» TO DO:
In the data below, find each line carrying the string "Silver" and copy it out.

(Scraped caption text data)
== Segment start ==
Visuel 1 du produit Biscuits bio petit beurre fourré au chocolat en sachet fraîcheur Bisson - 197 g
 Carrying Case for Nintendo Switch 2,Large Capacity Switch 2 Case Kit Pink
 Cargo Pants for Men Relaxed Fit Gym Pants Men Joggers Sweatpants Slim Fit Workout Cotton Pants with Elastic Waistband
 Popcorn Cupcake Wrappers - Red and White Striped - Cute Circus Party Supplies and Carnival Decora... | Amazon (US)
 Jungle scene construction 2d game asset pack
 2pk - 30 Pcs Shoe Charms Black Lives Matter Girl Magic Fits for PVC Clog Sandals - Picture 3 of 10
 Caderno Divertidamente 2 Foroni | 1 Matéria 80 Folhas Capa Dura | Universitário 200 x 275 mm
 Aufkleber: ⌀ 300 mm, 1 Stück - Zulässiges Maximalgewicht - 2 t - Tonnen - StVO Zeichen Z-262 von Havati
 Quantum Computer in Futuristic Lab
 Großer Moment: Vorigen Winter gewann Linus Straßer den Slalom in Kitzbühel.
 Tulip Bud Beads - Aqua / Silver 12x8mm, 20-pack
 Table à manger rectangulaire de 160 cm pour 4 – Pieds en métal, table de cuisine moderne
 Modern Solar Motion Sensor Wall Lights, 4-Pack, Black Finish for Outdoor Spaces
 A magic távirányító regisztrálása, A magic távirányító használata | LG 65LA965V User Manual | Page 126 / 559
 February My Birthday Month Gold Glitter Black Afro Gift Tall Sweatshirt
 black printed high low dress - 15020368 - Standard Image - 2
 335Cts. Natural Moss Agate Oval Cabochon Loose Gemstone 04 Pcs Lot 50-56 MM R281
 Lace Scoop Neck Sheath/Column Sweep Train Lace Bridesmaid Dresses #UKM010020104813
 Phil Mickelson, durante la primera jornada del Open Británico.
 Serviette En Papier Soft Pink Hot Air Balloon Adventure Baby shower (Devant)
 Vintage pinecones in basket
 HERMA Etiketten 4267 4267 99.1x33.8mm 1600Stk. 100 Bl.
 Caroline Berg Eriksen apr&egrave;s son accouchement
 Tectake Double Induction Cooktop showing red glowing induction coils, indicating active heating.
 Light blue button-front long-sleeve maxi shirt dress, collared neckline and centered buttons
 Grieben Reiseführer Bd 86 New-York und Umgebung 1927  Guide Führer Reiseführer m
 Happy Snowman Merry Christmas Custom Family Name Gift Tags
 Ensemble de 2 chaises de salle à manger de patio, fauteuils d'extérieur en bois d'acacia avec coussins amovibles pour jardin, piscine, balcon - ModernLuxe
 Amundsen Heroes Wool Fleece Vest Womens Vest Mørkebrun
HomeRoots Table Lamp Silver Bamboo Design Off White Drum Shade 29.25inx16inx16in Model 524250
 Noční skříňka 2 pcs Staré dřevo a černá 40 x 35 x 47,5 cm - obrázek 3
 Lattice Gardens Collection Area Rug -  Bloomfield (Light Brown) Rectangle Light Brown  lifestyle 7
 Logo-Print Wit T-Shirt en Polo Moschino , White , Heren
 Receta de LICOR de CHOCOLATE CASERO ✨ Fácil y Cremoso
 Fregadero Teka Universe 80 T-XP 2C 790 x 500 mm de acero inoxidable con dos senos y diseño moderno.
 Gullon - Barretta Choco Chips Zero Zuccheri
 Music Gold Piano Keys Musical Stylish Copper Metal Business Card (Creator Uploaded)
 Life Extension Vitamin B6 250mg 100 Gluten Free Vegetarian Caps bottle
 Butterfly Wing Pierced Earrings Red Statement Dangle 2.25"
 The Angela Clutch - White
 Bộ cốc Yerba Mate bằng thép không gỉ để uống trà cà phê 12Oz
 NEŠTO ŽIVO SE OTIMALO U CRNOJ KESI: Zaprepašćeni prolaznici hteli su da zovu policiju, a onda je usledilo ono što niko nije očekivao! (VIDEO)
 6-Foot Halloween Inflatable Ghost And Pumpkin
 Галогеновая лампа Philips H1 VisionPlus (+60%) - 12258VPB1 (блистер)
== Segment end ==
» RESPONSE TO THIS EXERCISE:
 Tulip Bud Beads - Aqua / Silver 12x8mm, 20-pack
HomeRoots Table Lamp Silver Bamboo Design Off White Drum Shade 29.25inx16inx16in Model 524250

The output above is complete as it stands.